* Stored dataset items:
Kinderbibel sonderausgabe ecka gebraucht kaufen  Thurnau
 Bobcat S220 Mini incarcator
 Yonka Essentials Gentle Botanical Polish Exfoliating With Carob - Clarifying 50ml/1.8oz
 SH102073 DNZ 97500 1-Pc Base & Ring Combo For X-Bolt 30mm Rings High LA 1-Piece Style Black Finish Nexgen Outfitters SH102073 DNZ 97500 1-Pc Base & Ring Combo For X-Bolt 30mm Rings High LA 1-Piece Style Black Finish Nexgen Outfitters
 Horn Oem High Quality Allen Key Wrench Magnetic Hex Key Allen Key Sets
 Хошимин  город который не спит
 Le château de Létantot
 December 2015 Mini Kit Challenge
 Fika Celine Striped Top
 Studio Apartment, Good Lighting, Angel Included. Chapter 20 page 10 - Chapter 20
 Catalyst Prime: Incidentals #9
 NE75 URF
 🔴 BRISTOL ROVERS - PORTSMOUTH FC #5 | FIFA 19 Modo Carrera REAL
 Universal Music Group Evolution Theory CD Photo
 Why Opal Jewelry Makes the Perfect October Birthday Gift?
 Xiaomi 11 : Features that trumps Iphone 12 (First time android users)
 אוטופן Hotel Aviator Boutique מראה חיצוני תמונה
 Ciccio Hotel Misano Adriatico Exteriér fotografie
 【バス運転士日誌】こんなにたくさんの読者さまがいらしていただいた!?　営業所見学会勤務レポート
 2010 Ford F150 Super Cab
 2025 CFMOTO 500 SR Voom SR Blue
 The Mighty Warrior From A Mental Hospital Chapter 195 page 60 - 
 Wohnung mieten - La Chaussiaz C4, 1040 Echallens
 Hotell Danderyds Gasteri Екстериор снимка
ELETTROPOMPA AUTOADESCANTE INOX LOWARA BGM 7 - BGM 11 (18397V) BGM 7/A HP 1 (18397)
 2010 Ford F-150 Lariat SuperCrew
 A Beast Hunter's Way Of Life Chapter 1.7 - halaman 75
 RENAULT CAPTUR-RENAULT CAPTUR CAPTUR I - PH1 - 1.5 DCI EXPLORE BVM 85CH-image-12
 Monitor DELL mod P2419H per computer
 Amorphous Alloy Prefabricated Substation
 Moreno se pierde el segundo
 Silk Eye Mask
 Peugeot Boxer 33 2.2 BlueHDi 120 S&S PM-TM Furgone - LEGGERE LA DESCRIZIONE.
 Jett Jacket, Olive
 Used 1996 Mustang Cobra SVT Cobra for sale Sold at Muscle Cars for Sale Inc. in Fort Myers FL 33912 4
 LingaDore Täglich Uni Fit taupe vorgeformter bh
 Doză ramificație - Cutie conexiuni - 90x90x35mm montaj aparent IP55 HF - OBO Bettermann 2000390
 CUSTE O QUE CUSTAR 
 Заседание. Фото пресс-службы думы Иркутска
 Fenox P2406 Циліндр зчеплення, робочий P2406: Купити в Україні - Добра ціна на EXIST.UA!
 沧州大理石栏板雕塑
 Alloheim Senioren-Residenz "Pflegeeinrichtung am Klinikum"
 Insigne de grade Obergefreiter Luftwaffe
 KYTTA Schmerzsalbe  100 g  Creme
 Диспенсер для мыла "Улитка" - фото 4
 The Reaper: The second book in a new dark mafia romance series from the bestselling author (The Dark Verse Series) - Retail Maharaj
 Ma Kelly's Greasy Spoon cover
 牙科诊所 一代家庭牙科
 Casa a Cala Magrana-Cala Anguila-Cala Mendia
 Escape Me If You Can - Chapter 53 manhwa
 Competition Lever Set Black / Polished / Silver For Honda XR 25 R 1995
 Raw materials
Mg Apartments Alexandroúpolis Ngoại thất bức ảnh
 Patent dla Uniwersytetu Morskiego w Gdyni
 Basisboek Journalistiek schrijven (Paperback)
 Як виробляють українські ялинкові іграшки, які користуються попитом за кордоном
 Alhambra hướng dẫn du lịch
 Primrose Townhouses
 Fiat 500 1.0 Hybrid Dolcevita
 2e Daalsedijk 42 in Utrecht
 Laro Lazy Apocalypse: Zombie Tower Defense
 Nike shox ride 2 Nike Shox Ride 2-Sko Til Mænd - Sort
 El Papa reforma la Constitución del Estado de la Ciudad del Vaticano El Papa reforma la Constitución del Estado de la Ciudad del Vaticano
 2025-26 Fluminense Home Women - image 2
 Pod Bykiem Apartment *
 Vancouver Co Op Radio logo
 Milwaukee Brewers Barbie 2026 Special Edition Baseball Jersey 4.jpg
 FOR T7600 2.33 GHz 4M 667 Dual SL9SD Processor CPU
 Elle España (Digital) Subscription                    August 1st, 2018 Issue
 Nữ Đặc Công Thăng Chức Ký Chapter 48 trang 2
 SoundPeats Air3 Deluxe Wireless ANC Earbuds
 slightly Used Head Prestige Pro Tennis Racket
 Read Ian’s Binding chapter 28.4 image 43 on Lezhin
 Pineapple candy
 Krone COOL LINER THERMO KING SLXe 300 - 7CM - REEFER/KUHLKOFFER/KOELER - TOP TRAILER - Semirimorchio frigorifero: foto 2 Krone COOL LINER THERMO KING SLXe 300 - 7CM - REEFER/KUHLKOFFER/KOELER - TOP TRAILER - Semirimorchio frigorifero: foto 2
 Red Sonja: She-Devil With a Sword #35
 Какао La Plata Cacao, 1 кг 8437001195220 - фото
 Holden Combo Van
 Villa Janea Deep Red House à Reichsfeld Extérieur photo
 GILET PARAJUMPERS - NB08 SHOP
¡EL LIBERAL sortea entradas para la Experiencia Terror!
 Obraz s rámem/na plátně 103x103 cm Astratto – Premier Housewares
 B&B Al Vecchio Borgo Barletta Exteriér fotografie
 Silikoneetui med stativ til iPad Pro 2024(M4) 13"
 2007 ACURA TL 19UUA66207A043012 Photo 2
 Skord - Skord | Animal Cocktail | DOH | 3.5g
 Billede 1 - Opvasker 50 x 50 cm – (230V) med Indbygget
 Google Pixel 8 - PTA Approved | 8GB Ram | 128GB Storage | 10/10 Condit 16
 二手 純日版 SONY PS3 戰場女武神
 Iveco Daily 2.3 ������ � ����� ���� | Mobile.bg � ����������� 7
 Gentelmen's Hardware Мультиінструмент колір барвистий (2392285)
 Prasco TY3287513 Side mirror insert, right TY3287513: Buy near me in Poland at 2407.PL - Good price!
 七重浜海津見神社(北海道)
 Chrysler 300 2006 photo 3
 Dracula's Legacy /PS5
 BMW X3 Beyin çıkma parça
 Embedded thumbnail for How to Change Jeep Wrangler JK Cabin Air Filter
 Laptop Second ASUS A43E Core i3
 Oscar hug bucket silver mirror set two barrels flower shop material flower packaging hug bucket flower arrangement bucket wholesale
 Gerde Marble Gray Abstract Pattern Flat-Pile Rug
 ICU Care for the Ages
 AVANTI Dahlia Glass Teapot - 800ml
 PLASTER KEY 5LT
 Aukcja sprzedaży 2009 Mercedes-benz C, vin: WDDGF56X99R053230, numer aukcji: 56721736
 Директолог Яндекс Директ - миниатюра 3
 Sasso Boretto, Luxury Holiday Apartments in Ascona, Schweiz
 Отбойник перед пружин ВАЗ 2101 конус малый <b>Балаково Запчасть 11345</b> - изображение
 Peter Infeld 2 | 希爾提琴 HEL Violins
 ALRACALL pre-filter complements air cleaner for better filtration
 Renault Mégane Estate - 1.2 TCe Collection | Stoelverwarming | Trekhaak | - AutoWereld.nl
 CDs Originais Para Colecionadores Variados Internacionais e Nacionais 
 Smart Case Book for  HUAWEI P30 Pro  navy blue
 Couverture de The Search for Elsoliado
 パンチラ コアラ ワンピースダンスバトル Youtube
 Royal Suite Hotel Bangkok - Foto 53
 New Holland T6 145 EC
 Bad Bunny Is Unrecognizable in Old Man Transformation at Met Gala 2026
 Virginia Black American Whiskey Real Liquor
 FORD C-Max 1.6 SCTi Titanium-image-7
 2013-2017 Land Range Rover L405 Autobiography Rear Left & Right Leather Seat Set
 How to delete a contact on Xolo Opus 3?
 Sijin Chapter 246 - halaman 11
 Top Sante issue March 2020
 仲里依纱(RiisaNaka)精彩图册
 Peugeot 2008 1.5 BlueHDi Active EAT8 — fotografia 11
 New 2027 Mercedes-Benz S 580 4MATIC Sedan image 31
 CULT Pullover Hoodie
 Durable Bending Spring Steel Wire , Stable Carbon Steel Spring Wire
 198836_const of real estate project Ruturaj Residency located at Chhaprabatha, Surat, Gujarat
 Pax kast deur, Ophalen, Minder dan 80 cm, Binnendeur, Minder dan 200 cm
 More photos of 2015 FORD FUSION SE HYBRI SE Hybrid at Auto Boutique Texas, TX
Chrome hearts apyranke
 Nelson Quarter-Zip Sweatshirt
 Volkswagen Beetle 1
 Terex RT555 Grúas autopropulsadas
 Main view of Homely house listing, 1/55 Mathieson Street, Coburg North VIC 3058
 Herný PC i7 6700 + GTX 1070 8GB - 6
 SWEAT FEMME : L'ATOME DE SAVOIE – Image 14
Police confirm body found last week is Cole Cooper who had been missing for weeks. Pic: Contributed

* REQUIRED WORK: The line containing "Main view of" and all lines after it, through the last line of the data, should be retyped exactly.

* ANSWER BOX:
 Main view of Homely house listing, 1/55 Mathieson Street, Coburg North VIC 3058
 Herný PC i7 6700 + GTX 1070 8GB - 6
 SWEAT FEMME : L'ATOME DE SAVOIE – Image 14
Police confirm body found last week is Cole Cooper who had been missing for weeks. Pic: Contributed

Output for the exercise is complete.